In this post we will be comparing two great DSLR camera, the Nikon D800 vs D750. These two cameras are obviously made by the same company, Nikon. this article will have detailed comparison on how the two cameras match up to each other in different categories.
Best Prices Available:
The excitement of announcing the full-frame Nikon D800 is unprecedented.
The performance section of this review comparing to its predecessor D750 is highlighted with some main determining factors.
- One of the accentuates of the new model is the effective number of class-leader pixels of 36.3 million — perhaps proving that pixel racing is not over and that the numbers still make headlines.
- Is such a high number of pixels retrieving the D800? The D750 under the D800 in the Nikon SLR series has only 12 million effective pixels, and until recently Nikon’s mantra was 12 million pixels if the images were clean. Nikon is also renowned for its cameras’ low light performance and noise control. But could 36 million pixels be a step too early?
- As with the D4, the D800’s center can operate at 11 AF points f/8. This means that the AF system will continue to work when teleconverters are used to extend access to telephoto lenses. This is great news for wildlife photographers who want to avoid the costs and burden of long and heavy optical handling of a choice. For example, the 200-400mm f/4, equipped with a 2x teleconverter, effectively becomes 400-800mm f/8, and unlike the Canon EOS 5D Mark III, the D800’s autofocus system still works.

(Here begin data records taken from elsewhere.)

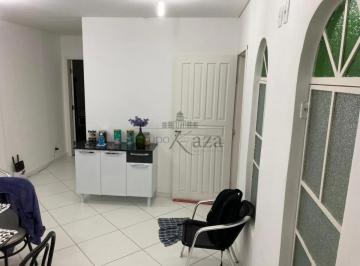 Comercial · 200m² · 3 Quartos · 2 Vagas · Oportunidade - Casa Comercial - Vila Ema - 200m².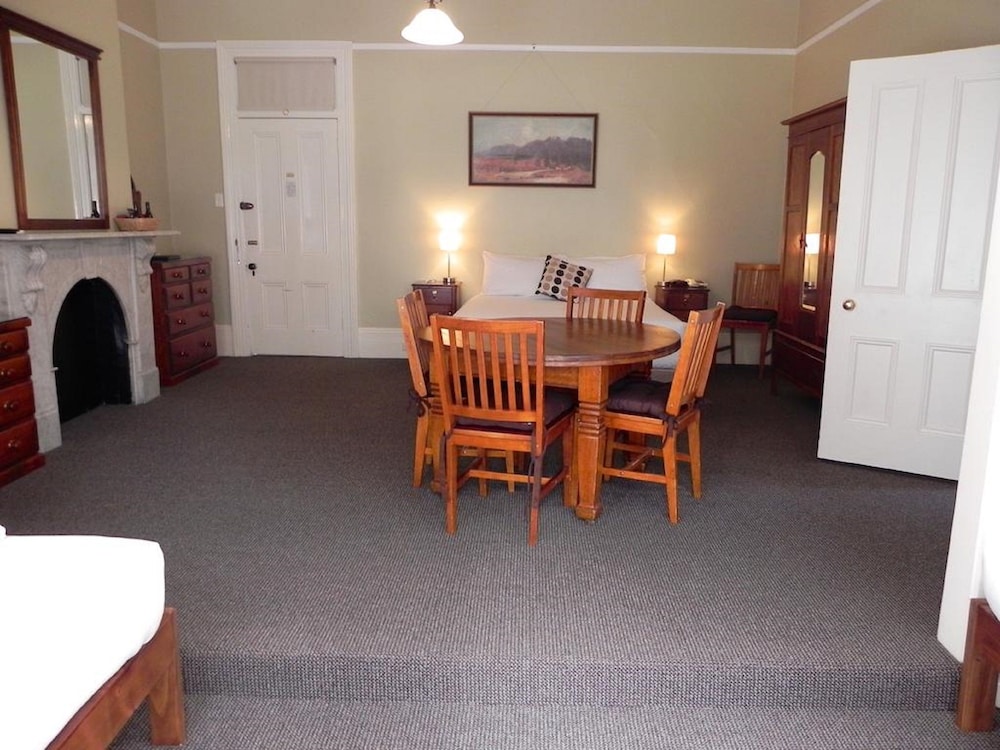 Moore Park Inn 34/39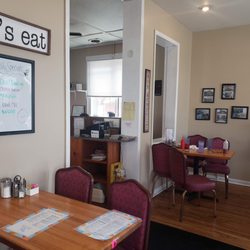 Joann's Cafe - Interior, about 4-5 tables #ReviewsByRL
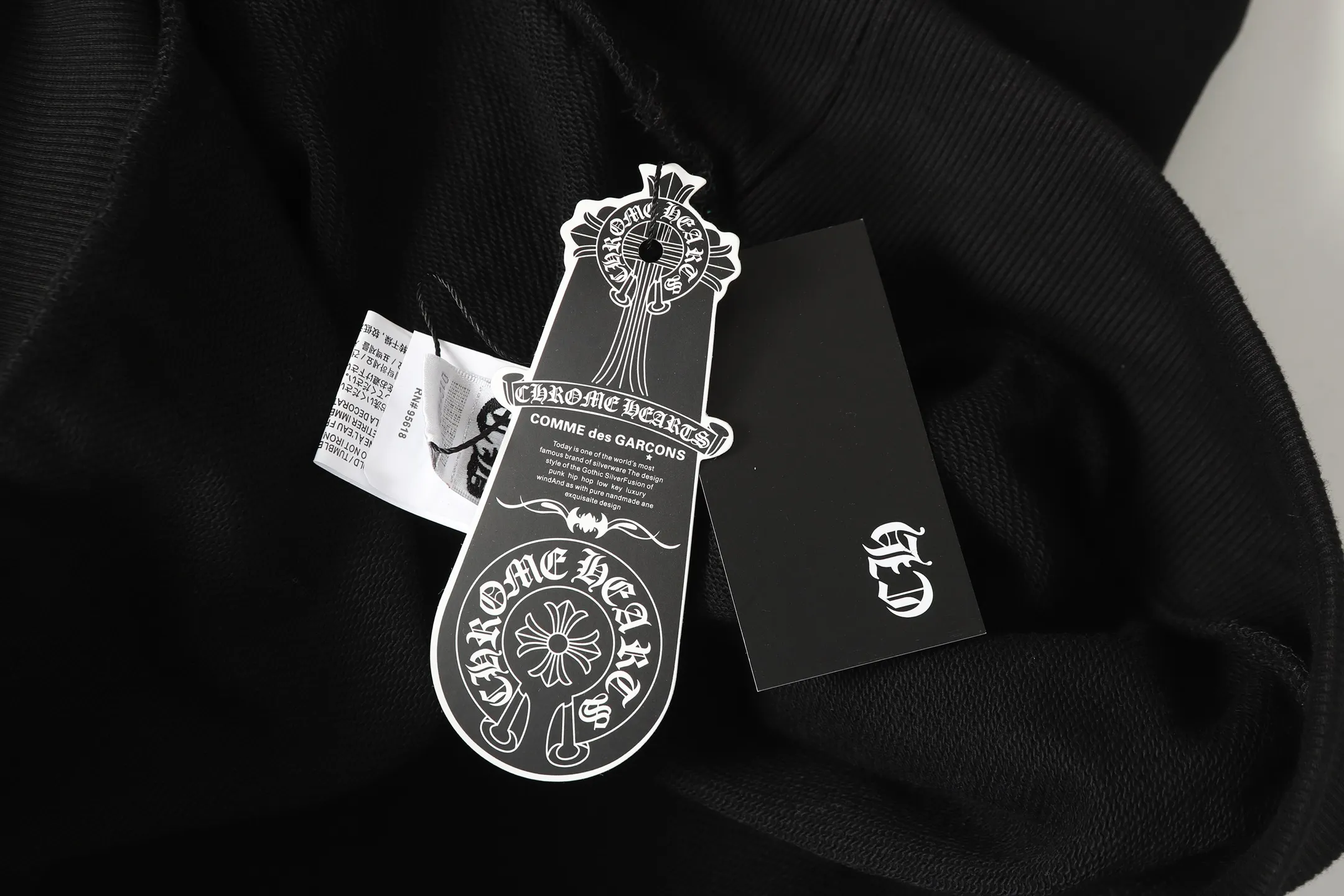 P250 #L3189 cross-border model. Those who pursue quality, please do not place an order. -Chrome Hearts/Chrome Hearts Horseshoe Sanskrit printed leather cross✝️Hooded sweatshirt - High weight, high density and high quality. The wool is soft, delicate and skin-friendly. It feels soft and silky. It has excellent warmth and skin-friendly properties. -Customized weaving and dyeing. No color difference. No matter the fabric or workmanship details, it beats the ordinary version on the market. -Colour: black white -Size: S M LXL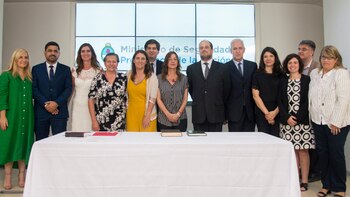 Sabina Frederi junto al resto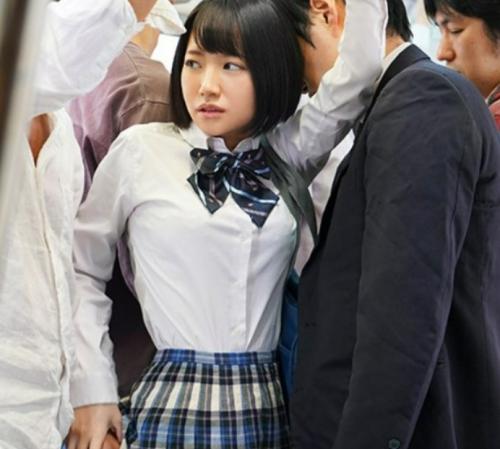 ＜伊賀まこ＞日に日にエスカレートしていく痴漢は嫌で仕方がないのに反応してしまう体。快感に堕ちてしまう…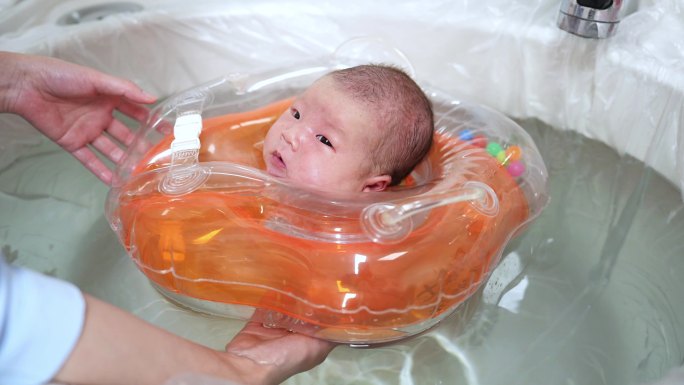新生儿印足印新生儿洗澡游泳新生儿抚触按摩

- The Nikon D750 doesn’t have a video mode, but the D800 delivers full HD functionality. It can record 1080p video at frame speeds of 30, 25 and 24fps and 60 and 50fps at 720p to shoot slow-motion films. Although the D4 lacks useful 1920×1080 crop mode, both FX and DX clippings are available in video mode.
- Another upgrade on the D750 includes a dual memory card slot on the D800. Unlike the D4, the D800 uses available memory card formats: Compact Flash and SD/SDHC/SDXC. The decision to include two formats can now be frustrating for some professionals who will have to move two different card sets.
Battery Life And Shutter Speed
- The shutter was tested up to 200,000 cycles, while the battery life was reduced from the D750 to 850 shots in CIPA standard. While the D750 has a capacity of about 1,000 shots, the new battery was built to comply with a new Japanese electronic law and therefore a decrease in shutter output. Because the measured battery life (850 shots) includes flash usage, the battery has the potential to last even longer depending on the situation.
- It should be noted here that the D800 has an internal pop-up flash unit such as the D750, which is useful for providing fill light and wirelessly triggering external lights.
- The D800 has two versions: a ‘standard’ model and a special version called the D800E. Second, it has a modified filter on the sensor that does not have edge softening and consequently comes with a slightly premium cost.
- Removing the edge softening filter allows for dissolving potentially a larger amount of detail, and comes at the price of increasing the chance of distorting fake colors or mortars that may require some extra after-shot processing.
- Surprisingly, photo editing software packages such as Adobe Photoshop Lightroom 4 are relatively easy to remove such noises. Nikon’s own Capture NX2 effect can also be used to reduce or remove and comes with the D800E.
Concluding It To…
- Compared to the Nikon D750, Nikon claims that this full-frame D800 contains 36 new features or improvements to the SLR.
- The D750’s successor, D800 uses the technology of a 24MP full-frame camera and is a better option for any occasion.